Segment Start: DATASET

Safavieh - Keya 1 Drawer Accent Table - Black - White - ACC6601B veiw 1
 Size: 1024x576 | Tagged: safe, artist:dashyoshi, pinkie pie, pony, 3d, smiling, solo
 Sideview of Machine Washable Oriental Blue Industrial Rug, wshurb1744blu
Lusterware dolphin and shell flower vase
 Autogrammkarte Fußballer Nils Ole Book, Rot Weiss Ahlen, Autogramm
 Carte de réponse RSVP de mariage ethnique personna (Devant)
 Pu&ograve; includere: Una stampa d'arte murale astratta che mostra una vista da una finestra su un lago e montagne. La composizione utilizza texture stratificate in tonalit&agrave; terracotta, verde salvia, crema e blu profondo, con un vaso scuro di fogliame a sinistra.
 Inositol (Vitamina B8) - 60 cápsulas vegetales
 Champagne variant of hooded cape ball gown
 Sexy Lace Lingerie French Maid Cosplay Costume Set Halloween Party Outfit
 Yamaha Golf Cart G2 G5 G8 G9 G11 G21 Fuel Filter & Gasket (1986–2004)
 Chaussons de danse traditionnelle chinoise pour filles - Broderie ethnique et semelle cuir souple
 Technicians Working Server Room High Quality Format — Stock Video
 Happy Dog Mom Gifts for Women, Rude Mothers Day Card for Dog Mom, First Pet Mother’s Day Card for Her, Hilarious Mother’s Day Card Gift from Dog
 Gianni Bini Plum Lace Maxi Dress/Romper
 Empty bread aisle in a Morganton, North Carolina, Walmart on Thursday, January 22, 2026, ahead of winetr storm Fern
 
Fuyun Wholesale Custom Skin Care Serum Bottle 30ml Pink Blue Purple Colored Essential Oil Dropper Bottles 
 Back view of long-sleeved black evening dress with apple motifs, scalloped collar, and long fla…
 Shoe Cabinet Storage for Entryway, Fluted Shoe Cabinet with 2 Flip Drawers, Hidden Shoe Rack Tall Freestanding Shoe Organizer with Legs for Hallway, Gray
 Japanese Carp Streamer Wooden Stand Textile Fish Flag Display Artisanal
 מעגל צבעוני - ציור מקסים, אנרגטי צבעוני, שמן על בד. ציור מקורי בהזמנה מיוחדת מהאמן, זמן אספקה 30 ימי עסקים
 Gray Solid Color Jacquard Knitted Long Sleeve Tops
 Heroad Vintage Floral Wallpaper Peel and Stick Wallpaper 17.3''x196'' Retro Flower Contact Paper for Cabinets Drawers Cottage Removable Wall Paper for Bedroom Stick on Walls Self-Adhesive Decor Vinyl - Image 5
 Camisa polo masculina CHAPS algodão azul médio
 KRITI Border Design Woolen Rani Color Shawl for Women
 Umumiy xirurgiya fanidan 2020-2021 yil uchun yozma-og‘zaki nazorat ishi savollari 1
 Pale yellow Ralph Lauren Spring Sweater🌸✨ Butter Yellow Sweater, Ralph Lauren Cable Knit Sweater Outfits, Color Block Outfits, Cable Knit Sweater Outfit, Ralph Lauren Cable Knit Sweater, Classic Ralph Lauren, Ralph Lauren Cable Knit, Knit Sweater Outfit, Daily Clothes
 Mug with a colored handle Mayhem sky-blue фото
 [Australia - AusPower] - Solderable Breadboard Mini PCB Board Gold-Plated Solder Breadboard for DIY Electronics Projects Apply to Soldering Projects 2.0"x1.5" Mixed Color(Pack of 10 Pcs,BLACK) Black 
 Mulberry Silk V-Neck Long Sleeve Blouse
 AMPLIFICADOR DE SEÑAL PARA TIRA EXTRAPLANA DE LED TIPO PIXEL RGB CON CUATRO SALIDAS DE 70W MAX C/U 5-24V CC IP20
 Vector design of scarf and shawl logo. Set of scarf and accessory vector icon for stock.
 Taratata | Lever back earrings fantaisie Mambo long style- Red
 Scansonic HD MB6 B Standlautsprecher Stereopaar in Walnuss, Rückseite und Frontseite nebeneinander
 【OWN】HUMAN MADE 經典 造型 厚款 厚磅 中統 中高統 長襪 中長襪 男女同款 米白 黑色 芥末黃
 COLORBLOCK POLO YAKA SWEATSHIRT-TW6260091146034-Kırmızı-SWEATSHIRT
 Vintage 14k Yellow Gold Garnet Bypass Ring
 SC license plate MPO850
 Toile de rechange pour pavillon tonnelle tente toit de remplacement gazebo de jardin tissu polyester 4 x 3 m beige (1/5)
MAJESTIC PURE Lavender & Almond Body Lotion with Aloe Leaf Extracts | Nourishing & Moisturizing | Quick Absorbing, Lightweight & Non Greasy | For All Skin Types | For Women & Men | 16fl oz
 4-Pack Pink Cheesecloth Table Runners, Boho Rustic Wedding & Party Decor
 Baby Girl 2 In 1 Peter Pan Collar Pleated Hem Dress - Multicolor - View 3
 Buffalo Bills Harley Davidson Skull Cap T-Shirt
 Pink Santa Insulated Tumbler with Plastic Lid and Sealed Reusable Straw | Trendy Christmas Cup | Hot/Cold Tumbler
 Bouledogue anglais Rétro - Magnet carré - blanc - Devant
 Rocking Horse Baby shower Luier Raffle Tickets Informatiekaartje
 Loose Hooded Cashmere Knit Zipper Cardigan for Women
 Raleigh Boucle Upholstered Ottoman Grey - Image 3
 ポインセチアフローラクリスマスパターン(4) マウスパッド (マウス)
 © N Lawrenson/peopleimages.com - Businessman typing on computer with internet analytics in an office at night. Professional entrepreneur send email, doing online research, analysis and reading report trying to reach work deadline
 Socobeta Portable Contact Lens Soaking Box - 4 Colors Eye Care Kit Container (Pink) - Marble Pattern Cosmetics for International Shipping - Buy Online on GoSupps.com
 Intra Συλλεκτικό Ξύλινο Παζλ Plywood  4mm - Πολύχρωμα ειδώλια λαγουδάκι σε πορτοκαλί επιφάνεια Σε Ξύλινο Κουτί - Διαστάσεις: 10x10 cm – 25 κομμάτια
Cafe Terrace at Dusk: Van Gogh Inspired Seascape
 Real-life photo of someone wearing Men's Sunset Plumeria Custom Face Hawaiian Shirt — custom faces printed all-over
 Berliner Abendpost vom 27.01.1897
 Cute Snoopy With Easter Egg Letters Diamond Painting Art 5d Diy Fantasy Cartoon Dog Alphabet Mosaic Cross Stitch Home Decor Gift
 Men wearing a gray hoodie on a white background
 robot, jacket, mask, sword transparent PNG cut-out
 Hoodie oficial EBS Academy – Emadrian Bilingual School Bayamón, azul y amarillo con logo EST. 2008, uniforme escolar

Segment End: DATASET

[WORK TASK] An exact copy of all the entries above is what is needed.

[EXPECTED ANSWER]
Safavieh - Keya 1 Drawer Accent Table - Black - White - ACC6601B veiw 1
 Size: 1024x576 | Tagged: safe, artist:dashyoshi, pinkie pie, pony, 3d, smiling, solo
 Sideview of Machine Washable Oriental Blue Industrial Rug, wshurb1744blu
Lusterware dolphin and shell flower vase
 Autogrammkarte Fußballer Nils Ole Book, Rot Weiss Ahlen, Autogramm
 Carte de réponse RSVP de mariage ethnique personna (Devant)
 Pu&ograve; includere: Una stampa d'arte murale astratta che mostra una vista da una finestra su un lago e montagne. La composizione utilizza texture stratificate in tonalit&agrave; terracotta, verde salvia, crema e blu profondo, con un vaso scuro di fogliame a sinistra.
 Inositol (Vitamina B8) - 60 cápsulas vegetales
 Champagne variant of hooded cape ball gown
 Sexy Lace Lingerie French Maid Cosplay Costume Set Halloween Party Outfit
 Yamaha Golf Cart G2 G5 G8 G9 G11 G21 Fuel Filter & Gasket (1986–2004)
 Chaussons de danse traditionnelle chinoise pour filles - Broderie ethnique et semelle cuir souple
 Technicians Working Server Room High Quality Format — Stock Video
 Happy Dog Mom Gifts for Women, Rude Mothers Day Card for Dog Mom, First Pet Mother’s Day Card for Her, Hilarious Mother’s Day Card Gift from Dog
 Gianni Bini Plum Lace Maxi Dress/Romper
 Empty bread aisle in a Morganton, North Carolina, Walmart on Thursday, January 22, 2026, ahead of winetr storm Fern
 
Fuyun Wholesale Custom Skin Care Serum Bottle 30ml Pink Blue Purple Colored Essential Oil Dropper Bottles 
 Back view of long-sleeved black evening dress with apple motifs, scalloped collar, and long fla…
 Shoe Cabinet Storage for Entryway, Fluted Shoe Cabinet with 2 Flip Drawers, Hidden Shoe Rack Tall Freestanding Shoe Organizer with Legs for Hallway, Gray
 Japanese Carp Streamer Wooden Stand Textile Fish Flag Display Artisanal
 מעגל צבעוני - ציור מקסים, אנרגטי צבעוני, שמן על בד. ציור מקורי בהזמנה מיוחדת מהאמן, זמן אספקה 30 ימי עסקים
 Gray Solid Color Jacquard Knitted Long Sleeve Tops
 Heroad Vintage Floral Wallpaper Peel and Stick Wallpaper 17.3''x196'' Retro Flower Contact Paper for Cabinets Drawers Cottage Removable Wall Paper for Bedroom Stick on Walls Self-Adhesive Decor Vinyl - Image 5
 Camisa polo masculina CHAPS algodão azul médio
 KRITI Border Design Woolen Rani Color Shawl for Women
 Umumiy xirurgiya fanidan 2020-2021 yil uchun yozma-og‘zaki nazorat ishi savollari 1
 Pale yellow Ralph Lauren Spring Sweater🌸✨ Butter Yellow Sweater, Ralph Lauren Cable Knit Sweater Outfits, Color Block Outfits, Cable Knit Sweater Outfit, Ralph Lauren Cable Knit Sweater, Classic Ralph Lauren, Ralph Lauren Cable Knit, Knit Sweater Outfit, Daily Clothes
 Mug with a colored handle Mayhem sky-blue фото
 [Australia - AusPower] - Solderable Breadboard Mini PCB Board Gold-Plated Solder Breadboard for DIY Electronics Projects Apply to Soldering Projects 2.0"x1.5" Mixed Color(Pack of 10 Pcs,BLACK) Black 
 Mulberry Silk V-Neck Long Sleeve Blouse
 AMPLIFICADOR DE SEÑAL PARA TIRA EXTRAPLANA DE LED TIPO PIXEL RGB CON CUATRO SALIDAS DE 70W MAX C/U 5-24V CC IP20
 Vector design of scarf and shawl logo. Set of scarf and accessory vector icon for stock.
 Taratata | Lever back earrings fantaisie Mambo long style- Red
 Scansonic HD MB6 B Standlautsprecher Stereopaar in Walnuss, Rückseite und Frontseite nebeneinander
 【OWN】HUMAN MADE 經典 造型 厚款 厚磅 中統 中高統 長襪 中長襪 男女同款 米白 黑色 芥末黃
 COLORBLOCK POLO YAKA SWEATSHIRT-TW6260091146034-Kırmızı-SWEATSHIRT
 Vintage 14k Yellow Gold Garnet Bypass Ring
 SC license plate MPO850
 Toile de rechange pour pavillon tonnelle tente toit de remplacement gazebo de jardin tissu polyester 4 x 3 m beige (1/5)
MAJESTIC PURE Lavender & Almond Body Lotion with Aloe Leaf Extracts | Nourishing & Moisturizing | Quick Absorbing, Lightweight & Non Greasy | For All Skin Types | For Women & Men | 16fl oz
 4-Pack Pink Cheesecloth Table Runners, Boho Rustic Wedding & Party Decor
 Baby Girl 2 In 1 Peter Pan Collar Pleated Hem Dress - Multicolor - View 3
 Buffalo Bills Harley Davidson Skull Cap T-Shirt
 Pink Santa Insulated Tumbler with Plastic Lid and Sealed Reusable Straw | Trendy Christmas Cup | Hot/Cold Tumbler
 Bouledogue anglais Rétro - Magnet carré - blanc - Devant
 Rocking Horse Baby shower Luier Raffle Tickets Informatiekaartje
 Loose Hooded Cashmere Knit Zipper Cardigan for Women
 Raleigh Boucle Upholstered Ottoman Grey - Image 3
 ポインセチアフローラクリスマスパターン(4) マウスパッド (マウス)
 © N Lawrenson/peopleimages.com - Businessman typing on computer with internet analytics in an office at night. Professional entrepreneur send email, doing online research, analysis and reading report trying to reach work deadline
 Socobeta Portable Contact Lens Soaking Box - 4 Colors Eye Care Kit Container (Pink) - Marble Pattern Cosmetics for International Shipping - Buy Online on GoSupps.com
 Intra Συλλεκτικό Ξύλινο Παζλ Plywood  4mm - Πολύχρωμα ειδώλια λαγουδάκι σε πορτοκαλί επιφάνεια Σε Ξύλινο Κουτί - Διαστάσεις: 10x10 cm – 25 κομμάτια
Cafe Terrace at Dusk: Van Gogh Inspired Seascape
 Real-life photo of someone wearing Men's Sunset Plumeria Custom Face Hawaiian Shirt — custom faces printed all-over
 Berliner Abendpost vom 27.01.1897
 Cute Snoopy With Easter Egg Letters Diamond Painting Art 5d Diy Fantasy Cartoon Dog Alphabet Mosaic Cross Stitch Home Decor Gift
 Men wearing a gray hoodie on a white background
 robot, jacket, mask, sword transparent PNG cut-out
 Hoodie oficial EBS Academy – Emadrian Bilingual School Bayamón, azul y amarillo con logo EST. 2008, uniforme escolar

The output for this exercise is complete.